** Work instruction **
Reproduce the entries shown below only from the line with "FİLİZ MAKARNA KISA KALEM 500 GR" down to the line with "Over Drive - Chapter 11 - Trang 144", keeping both end lines and copying each one exactly.

====== Provided data ======

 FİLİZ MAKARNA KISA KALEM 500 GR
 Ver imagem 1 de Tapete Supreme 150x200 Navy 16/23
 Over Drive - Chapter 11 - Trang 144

======
====== Provided data ======

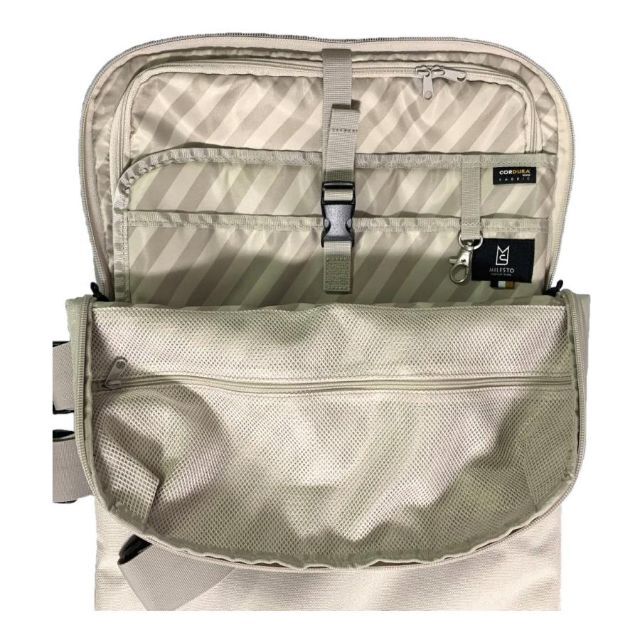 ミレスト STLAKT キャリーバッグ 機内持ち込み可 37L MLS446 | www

======
====== Provided data ======

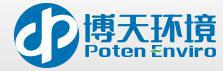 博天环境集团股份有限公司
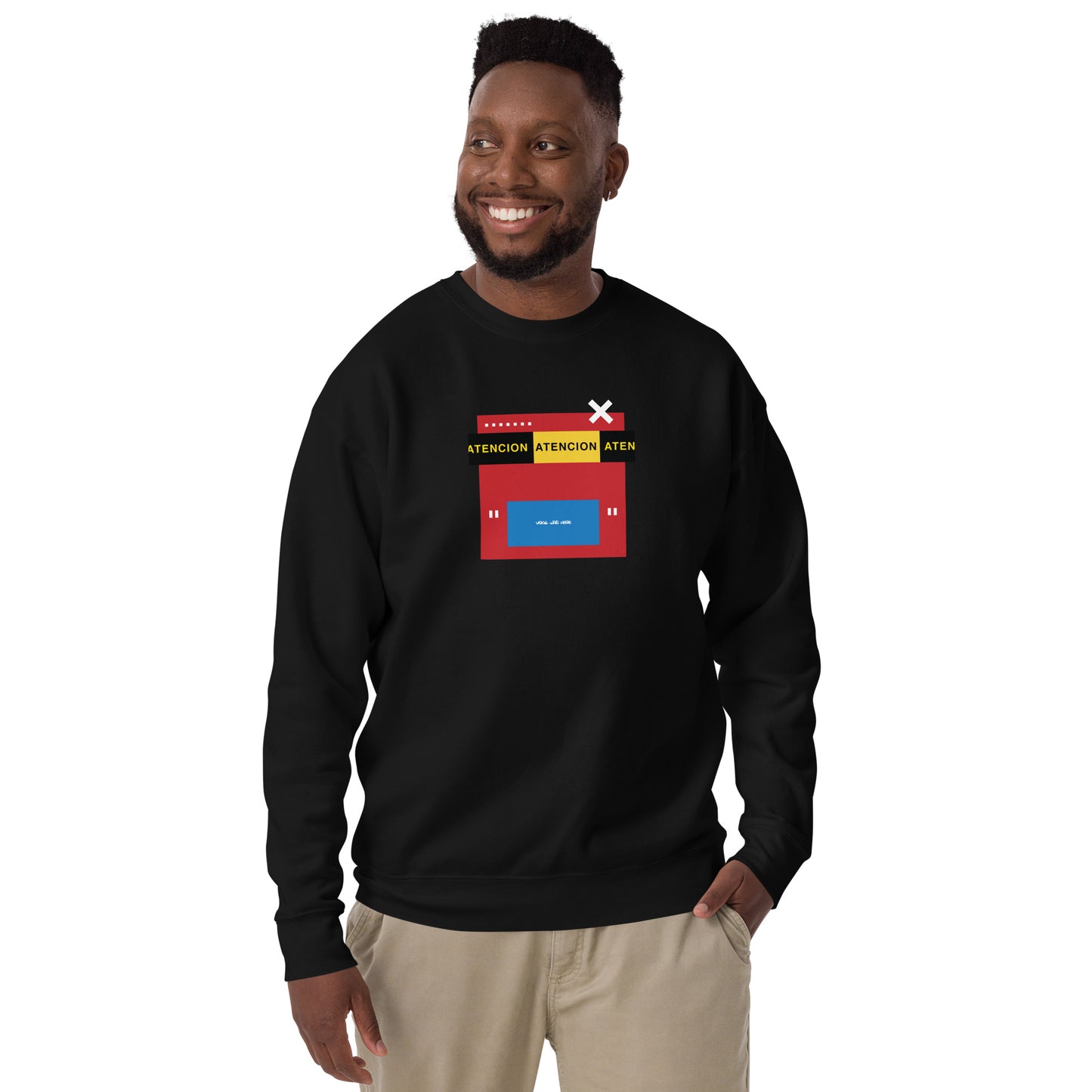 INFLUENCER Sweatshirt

======

** Result of the exercise **
 FİLİZ MAKARNA KISA KALEM 500 GR
 Ver imagem 1 de Tapete Supreme 150x200 Navy 16/23
 Over Drive - Chapter 11 - Trang 144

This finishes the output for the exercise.